- THE TASK -
Verbatim, and with nothing else, reproduce the data below from its first line through the line containing "Office Computer Arm".
BEGIN
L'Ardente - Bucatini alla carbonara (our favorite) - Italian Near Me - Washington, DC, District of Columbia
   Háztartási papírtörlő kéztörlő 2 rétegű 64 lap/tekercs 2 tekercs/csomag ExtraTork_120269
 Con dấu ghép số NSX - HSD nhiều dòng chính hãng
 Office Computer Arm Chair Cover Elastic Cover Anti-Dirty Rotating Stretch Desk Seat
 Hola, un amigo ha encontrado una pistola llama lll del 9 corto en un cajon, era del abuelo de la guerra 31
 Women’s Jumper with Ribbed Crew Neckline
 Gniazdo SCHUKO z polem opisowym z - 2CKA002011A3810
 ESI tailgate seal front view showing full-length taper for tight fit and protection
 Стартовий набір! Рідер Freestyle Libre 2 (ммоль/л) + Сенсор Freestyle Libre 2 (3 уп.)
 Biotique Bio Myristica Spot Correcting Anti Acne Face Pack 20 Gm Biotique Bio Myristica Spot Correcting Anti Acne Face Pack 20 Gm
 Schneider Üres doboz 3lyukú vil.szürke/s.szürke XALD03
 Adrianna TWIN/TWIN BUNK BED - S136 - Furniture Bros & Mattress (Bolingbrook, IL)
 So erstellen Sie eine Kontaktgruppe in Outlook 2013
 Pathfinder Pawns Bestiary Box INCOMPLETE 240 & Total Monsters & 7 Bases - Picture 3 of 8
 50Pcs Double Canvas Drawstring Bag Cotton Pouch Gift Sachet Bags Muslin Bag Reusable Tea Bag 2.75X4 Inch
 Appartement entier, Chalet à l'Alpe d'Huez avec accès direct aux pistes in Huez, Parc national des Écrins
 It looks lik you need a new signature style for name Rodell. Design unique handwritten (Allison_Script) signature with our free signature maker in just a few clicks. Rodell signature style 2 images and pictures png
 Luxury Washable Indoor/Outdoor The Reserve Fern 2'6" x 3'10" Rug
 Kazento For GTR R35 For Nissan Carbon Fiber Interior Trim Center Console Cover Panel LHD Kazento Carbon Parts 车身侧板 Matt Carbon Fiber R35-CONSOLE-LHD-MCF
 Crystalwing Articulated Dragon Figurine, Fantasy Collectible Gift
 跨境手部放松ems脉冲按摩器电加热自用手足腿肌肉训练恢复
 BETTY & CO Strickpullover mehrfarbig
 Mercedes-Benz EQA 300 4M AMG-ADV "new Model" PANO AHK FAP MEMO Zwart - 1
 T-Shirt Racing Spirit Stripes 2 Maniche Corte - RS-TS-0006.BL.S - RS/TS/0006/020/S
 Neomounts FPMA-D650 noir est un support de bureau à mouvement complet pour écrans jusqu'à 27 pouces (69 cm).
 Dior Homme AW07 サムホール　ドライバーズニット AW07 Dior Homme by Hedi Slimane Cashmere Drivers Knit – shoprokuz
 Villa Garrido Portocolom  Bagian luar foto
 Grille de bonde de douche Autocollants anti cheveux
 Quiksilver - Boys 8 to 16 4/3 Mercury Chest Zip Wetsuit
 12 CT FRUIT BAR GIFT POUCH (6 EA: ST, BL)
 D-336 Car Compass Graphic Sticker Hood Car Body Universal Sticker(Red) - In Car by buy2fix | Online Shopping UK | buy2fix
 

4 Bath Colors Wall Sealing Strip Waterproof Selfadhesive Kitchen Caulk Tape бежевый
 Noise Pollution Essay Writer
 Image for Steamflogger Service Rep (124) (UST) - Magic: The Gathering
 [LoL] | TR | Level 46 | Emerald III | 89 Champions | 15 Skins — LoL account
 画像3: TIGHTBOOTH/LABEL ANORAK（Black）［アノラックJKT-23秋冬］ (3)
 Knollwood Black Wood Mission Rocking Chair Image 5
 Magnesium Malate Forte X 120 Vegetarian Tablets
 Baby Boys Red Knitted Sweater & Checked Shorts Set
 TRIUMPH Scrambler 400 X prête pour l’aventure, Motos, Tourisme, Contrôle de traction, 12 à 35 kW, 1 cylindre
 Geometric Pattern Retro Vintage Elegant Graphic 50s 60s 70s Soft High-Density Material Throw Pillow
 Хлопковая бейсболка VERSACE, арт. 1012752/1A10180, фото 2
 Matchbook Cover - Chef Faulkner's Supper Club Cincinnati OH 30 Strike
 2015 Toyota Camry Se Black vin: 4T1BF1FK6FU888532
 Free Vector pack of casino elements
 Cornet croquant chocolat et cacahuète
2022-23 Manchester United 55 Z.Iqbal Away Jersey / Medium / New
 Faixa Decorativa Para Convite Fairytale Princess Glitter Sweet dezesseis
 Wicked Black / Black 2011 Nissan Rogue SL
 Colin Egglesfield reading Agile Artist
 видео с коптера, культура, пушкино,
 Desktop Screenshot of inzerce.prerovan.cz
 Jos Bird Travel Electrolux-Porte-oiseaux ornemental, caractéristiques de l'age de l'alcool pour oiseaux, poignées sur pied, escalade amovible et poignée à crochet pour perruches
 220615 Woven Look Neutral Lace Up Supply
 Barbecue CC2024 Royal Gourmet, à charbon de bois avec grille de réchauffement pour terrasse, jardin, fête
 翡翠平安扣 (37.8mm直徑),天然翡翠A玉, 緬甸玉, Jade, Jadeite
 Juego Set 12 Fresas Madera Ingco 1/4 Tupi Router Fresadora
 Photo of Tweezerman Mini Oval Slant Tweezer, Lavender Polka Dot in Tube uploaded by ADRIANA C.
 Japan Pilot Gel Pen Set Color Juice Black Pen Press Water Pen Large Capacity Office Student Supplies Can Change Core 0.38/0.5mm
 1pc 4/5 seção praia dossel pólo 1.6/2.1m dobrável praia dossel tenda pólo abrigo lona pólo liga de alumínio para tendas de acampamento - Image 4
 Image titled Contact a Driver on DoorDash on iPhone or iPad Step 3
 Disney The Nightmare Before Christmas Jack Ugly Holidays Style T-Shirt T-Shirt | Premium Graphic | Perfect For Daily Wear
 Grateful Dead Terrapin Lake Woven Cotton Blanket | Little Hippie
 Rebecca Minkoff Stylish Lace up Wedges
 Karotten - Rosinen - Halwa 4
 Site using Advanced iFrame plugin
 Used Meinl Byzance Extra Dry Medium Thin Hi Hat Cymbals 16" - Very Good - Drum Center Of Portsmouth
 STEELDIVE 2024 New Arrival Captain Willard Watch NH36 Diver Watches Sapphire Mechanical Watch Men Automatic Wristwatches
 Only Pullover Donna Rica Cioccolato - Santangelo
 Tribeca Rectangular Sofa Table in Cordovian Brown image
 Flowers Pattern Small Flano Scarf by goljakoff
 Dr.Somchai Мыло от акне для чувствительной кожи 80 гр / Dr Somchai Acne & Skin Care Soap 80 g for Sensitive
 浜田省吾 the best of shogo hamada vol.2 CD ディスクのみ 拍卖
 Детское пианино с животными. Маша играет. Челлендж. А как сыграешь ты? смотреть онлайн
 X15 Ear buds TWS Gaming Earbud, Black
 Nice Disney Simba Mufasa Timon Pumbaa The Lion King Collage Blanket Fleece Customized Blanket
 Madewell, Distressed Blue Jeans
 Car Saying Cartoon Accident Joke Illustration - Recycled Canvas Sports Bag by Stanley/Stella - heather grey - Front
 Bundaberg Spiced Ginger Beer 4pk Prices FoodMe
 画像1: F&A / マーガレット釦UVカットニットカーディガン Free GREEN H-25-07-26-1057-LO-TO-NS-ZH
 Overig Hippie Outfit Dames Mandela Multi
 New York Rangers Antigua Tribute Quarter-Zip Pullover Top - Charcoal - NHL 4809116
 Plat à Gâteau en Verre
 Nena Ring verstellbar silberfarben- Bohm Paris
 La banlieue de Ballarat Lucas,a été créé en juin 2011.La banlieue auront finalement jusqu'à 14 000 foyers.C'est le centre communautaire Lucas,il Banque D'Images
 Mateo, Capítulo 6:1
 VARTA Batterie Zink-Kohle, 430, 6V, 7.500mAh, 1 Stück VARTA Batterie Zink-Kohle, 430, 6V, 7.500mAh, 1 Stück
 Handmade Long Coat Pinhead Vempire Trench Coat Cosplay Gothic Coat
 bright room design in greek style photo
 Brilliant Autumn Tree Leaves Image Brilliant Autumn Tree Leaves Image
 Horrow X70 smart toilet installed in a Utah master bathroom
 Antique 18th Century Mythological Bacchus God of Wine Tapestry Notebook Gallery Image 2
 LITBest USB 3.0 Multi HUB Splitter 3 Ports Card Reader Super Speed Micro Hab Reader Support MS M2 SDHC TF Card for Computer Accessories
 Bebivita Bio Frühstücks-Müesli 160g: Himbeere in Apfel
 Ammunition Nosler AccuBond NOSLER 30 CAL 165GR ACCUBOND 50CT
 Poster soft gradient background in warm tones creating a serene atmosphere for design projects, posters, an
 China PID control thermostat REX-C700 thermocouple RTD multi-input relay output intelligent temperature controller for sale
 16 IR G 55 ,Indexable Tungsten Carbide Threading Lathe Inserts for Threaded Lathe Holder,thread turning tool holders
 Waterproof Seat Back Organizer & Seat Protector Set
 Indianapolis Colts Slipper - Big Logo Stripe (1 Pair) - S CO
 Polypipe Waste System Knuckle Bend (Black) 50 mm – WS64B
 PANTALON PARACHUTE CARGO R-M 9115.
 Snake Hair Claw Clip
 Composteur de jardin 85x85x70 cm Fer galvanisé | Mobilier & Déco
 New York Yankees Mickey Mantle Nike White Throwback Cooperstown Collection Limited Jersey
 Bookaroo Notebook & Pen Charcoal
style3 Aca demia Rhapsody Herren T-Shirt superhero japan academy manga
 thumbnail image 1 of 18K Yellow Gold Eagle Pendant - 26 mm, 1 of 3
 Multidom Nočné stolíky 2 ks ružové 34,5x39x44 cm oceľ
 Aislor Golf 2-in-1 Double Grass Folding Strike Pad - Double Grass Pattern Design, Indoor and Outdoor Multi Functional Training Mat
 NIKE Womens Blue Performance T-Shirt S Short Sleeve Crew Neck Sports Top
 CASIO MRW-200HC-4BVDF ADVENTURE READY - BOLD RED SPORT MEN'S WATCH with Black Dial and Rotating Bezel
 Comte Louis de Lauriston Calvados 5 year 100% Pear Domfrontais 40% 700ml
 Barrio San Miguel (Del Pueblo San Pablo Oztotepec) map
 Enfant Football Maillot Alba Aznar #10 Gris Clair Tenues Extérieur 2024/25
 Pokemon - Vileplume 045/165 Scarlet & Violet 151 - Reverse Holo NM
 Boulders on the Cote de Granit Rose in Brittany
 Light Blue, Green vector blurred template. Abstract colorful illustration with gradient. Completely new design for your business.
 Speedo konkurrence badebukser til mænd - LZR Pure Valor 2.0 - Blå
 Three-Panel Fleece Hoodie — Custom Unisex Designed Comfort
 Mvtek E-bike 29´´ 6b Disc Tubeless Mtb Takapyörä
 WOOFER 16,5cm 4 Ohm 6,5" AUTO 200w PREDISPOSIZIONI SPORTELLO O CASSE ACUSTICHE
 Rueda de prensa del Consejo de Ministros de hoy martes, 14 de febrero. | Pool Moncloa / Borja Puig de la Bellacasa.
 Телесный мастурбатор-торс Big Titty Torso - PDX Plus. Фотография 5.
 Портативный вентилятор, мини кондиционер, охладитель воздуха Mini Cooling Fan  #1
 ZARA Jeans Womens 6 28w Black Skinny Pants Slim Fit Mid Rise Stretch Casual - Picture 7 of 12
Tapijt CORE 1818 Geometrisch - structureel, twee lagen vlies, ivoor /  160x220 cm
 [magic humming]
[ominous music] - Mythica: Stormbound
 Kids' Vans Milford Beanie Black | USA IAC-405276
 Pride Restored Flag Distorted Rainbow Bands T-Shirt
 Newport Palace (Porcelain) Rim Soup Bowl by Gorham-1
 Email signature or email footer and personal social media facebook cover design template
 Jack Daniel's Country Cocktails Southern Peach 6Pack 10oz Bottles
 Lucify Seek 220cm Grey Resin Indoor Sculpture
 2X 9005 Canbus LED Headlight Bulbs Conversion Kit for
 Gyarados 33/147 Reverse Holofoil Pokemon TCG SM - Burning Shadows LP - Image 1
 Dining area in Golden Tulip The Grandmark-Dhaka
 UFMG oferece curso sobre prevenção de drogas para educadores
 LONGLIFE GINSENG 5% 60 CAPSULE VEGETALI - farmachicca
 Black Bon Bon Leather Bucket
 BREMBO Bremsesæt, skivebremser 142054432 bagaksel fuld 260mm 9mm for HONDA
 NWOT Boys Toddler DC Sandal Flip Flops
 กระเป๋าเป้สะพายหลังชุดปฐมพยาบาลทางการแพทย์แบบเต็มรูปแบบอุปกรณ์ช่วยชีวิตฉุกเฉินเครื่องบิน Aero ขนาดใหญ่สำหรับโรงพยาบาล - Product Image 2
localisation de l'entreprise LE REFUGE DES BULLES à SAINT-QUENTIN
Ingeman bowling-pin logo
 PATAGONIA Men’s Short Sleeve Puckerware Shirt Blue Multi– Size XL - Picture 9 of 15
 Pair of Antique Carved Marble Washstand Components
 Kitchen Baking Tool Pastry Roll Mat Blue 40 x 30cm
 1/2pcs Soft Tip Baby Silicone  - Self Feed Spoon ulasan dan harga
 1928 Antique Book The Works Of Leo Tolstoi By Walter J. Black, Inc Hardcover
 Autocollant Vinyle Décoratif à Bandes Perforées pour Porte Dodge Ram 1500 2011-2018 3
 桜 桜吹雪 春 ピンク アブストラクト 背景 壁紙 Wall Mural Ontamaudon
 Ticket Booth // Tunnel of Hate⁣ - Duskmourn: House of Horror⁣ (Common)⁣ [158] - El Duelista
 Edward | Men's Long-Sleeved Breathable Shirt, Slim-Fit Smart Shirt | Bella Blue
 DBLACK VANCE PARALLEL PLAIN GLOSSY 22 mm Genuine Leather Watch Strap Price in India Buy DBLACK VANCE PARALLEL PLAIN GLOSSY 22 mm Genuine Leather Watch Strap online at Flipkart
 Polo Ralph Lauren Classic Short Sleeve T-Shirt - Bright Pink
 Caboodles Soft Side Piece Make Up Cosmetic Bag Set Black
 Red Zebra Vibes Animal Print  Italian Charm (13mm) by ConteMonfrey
END
- REPLY -
L'Ardente - Bucatini alla carbonara (our favorite) - Italian Near Me - Washington, DC, District of Columbia
   Háztartási papírtörlő kéztörlő 2 rétegű 64 lap/tekercs 2 tekercs/csomag ExtraTork_120269
 Con dấu ghép số NSX - HSD nhiều dòng chính hãng
 Office Computer Arm Chair Cover Elastic Cover Anti-Dirty Rotating Stretch Desk Seat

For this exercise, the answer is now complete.